E&M: Wo werden diese verarbeitet?

Schlichting: Wir sind mittlerweile von einer selbst gehosteten Plattform zu einer Public Cloud übergegangen, um mit unseren Kunden flexibel skalieren zu können. Wir nutzen jetzt die Google Cloud.

E&M: Der Rollout intelligenter Messsysteme soll ja durch das neue Digitalisierungsgesetz beschleunigt werden. Welche Veränderungen ergeben sich für Sie daraus?

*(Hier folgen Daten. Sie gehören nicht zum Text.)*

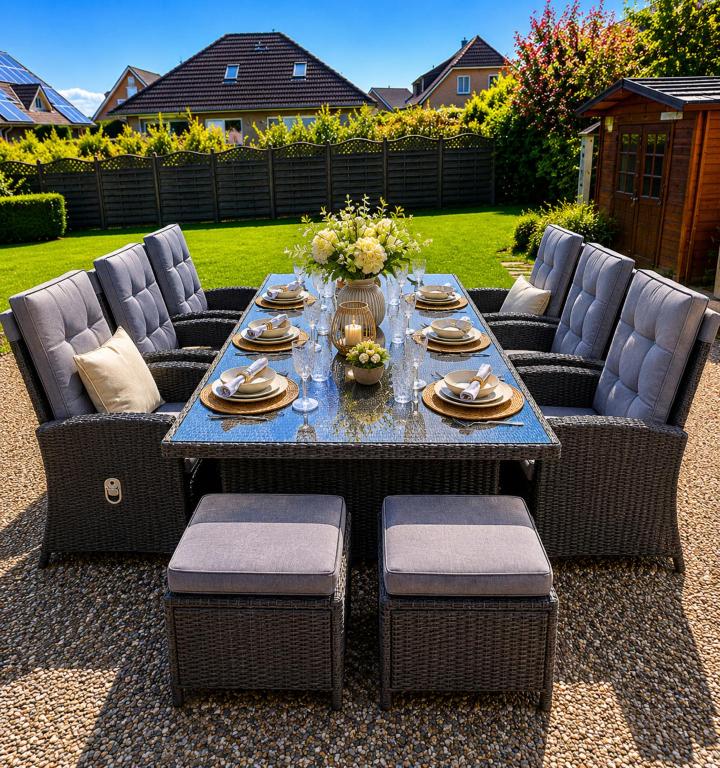 a table and chairs with plates and dishes on it at Ankerplatz - gemütliches Ferienhaus mit Garten und Terrasse für die große Familie in Grömitz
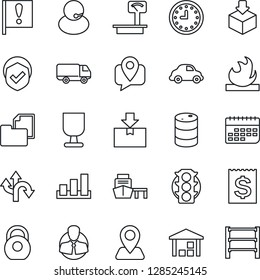 Thin Line Icon Set - route vector, navigation, important flag, traffic light, support, client, mobile tracking, car delivery, clock, term, receipt, sea port, folder document, fragile, warehouse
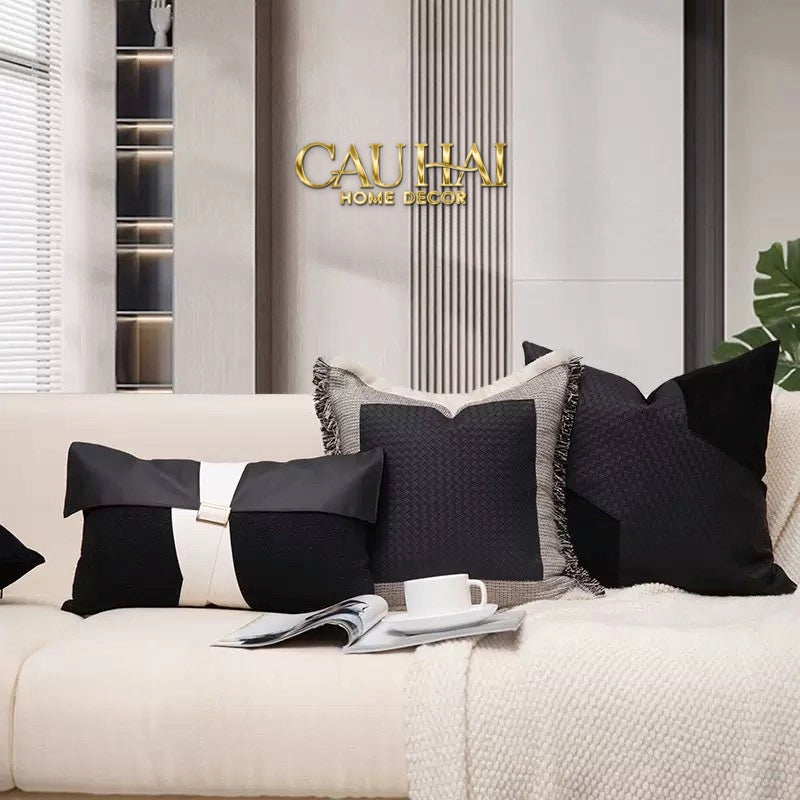 GỐI TWEED LUX LEATHER SAVOIR ENSEMBLE 30X50 - CẬU HAI HOME DECOR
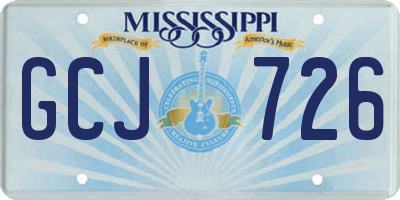 MS license plate GCJ726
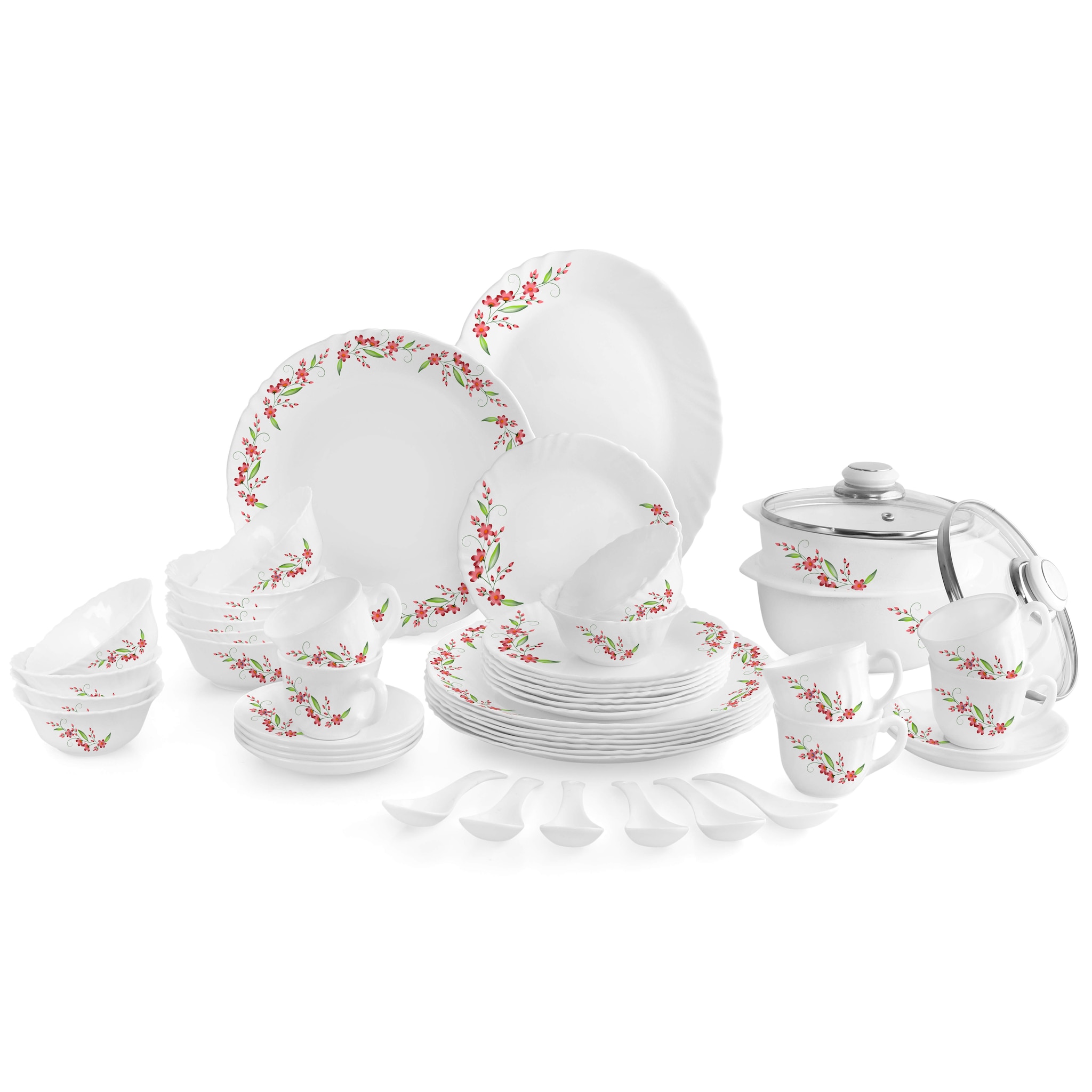 Cello Imperial Series Creeper Opalware Dinner Set 35 pcs (White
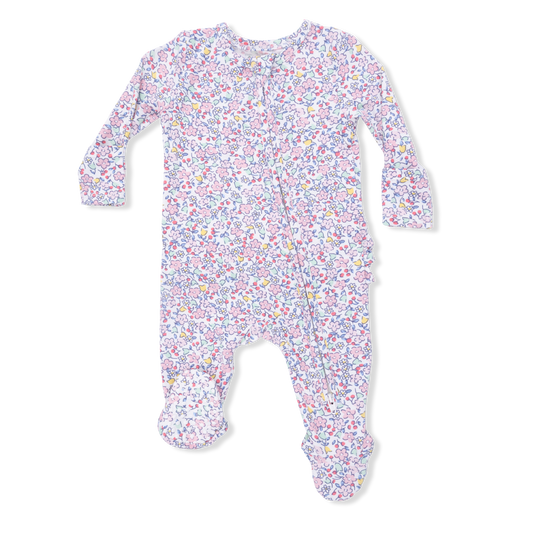 Elizabeth's Garden Ruffle Zipper Footie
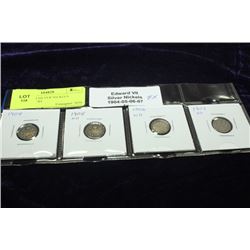 EDWARD VII SILVER NICKELS 1904-05-06-07 X4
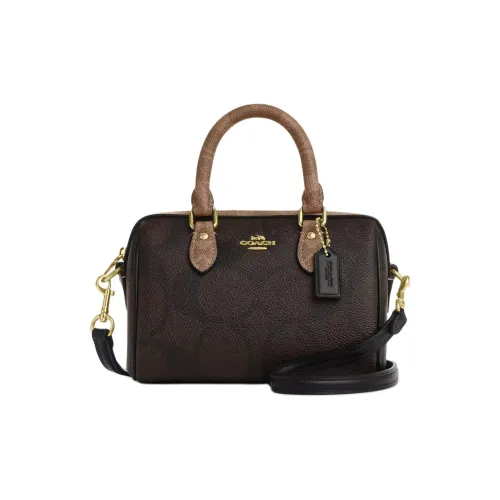 COACH Rowan Leather Shoulder Bag, Crossbody Bag, Handbag Mini Women's Tan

Schlichting: Wir werden die intelligenten Messsysteme in das Energiemanagement mit einbeziehen. Das bietet noch einmal mehr Möglichkeiten zur Optimierung und Flexibilisierung, weil dann beispielsweise auch Anwendungen wie das dynamische Last- beziehungsweise Lademanagement möglich werden.

E&M: Kiwigrid hatte ja mit der Entwicklung eines eigenen Smart Meter Gateways begonnen. Hilft Ihnen diese Erfahrung jetzt?

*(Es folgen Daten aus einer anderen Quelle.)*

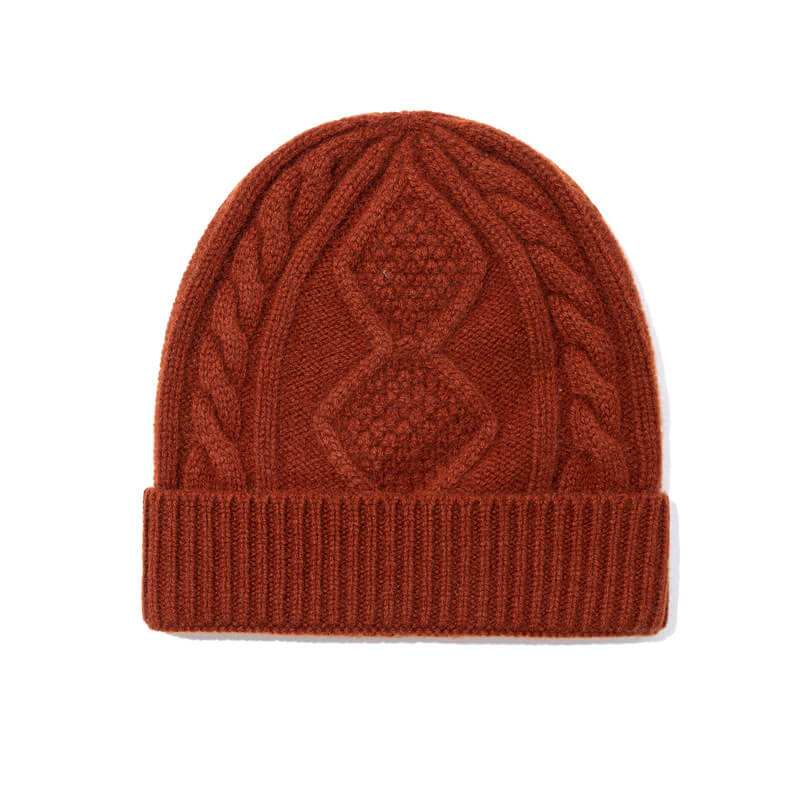 Solid Color Jacquard Cashmere Knit Cuffed Beanie | Gthic.com
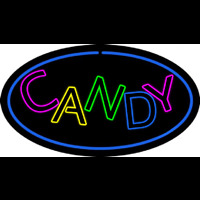 Candy Oval Blue Neonreclame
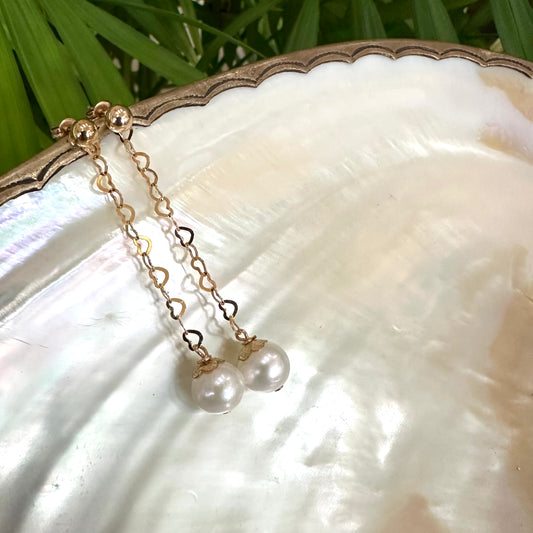 Pearl heart drop earrings with freshwater pearls and gold filled heart chain handmade in Canada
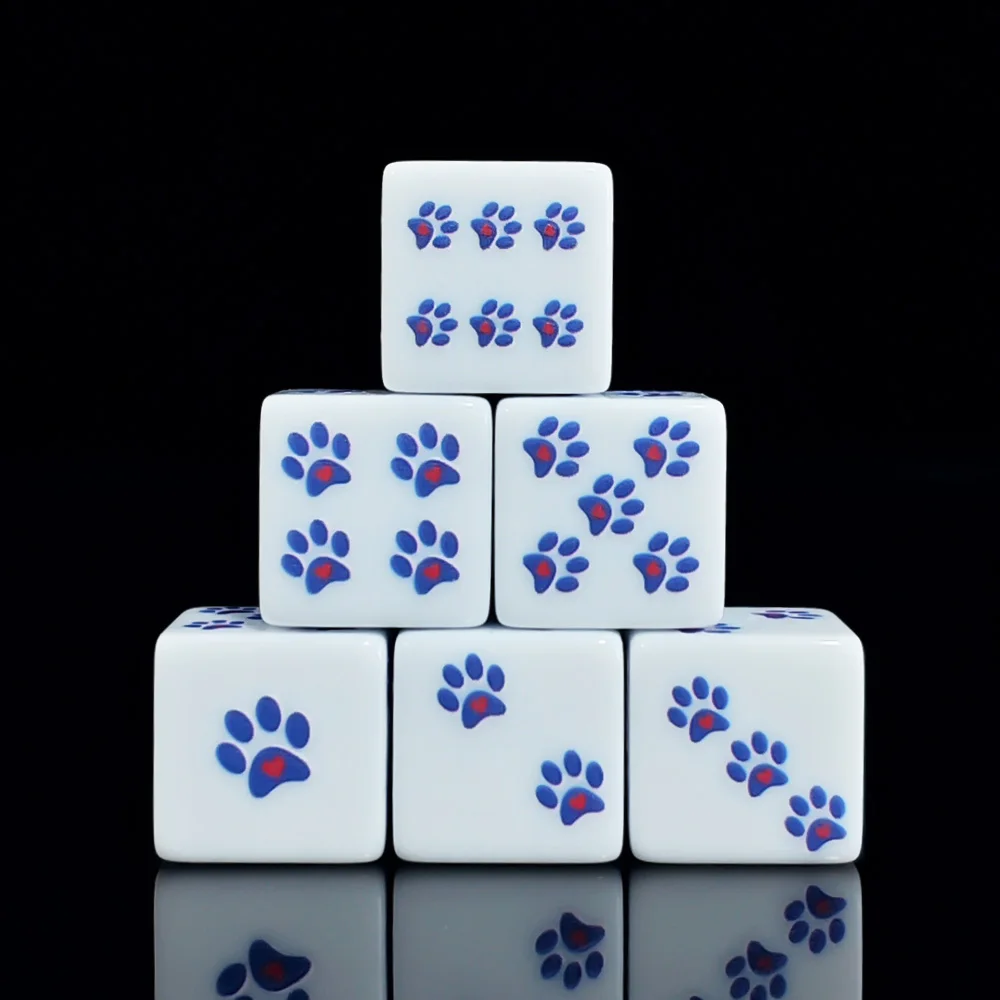 12PCS 16mm Acrylic Dog Paw Print Dice, Cute Blue Paw Design D6 Dice, Dice for Tabletop Games & Party Supplies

Schlichting: Auf jeden Fall. Wir haben noch unsere ‚sichere Zelle‘ hier und kennen genau die Anforderungen für eine sichere Kommunikation beziehungsweise Steuerung über das Smart Meter Gateway. Gerade die Steuerung über den sicheren CLS-Kanal ist eine Anwendung, die auch für das Energiemanagement sehr wichtig werden kann. Wir überlegen derzeit intensiv, wie wir diese künftig nutzen können.

E&M: Für den Netzbetreiber müsste es künftig doch einfacher sein, den Netzanschluss zu regeln, statt auf einzelne Anlagen zuzugreifen. Wären das dann nicht die prädestinierten Vertriebspartner für Sie?

Schlichting: Wir sind mit verschiedenen Verteilnetzbetreibern schon im Gespräch, haben ein Pilotprojekt mit der Mitnetz Strom gemacht und tauschen uns intensiv mit den Stadtwerken im Thüga-Verbund aus. In der Tat verfolgen wir diesen Ansatz. Allerdings braucht es unserer Erfahrung nach noch etwas Zeit. Zum einen waren die Regelungen zu Paragraf 14a bislang keineswegs klar. Zum anderen haben viele kommunale Unternehmen noch zahlreiche andere drängende Baustellen, sodass sie noch nicht auf das Steuern von Verbrauchern fokussiert sind. Aber ich bin sicher: Mit zunehmender Elektrifizierung der Sektoren wird der Bedarf an Energiemanagementlösungen steigen und der Nutzen sowohl von den Kunden als auch den Netzbetreibern noch stärker wahrgenommen. 

Zur Person:

Frank Schlichting ist seit 2020 CEO von Kiwigrid. Zuvor war der studierte Physiker und promovierte Ingenieur in gleicher Position bei der Solare Datensysteme GmbH.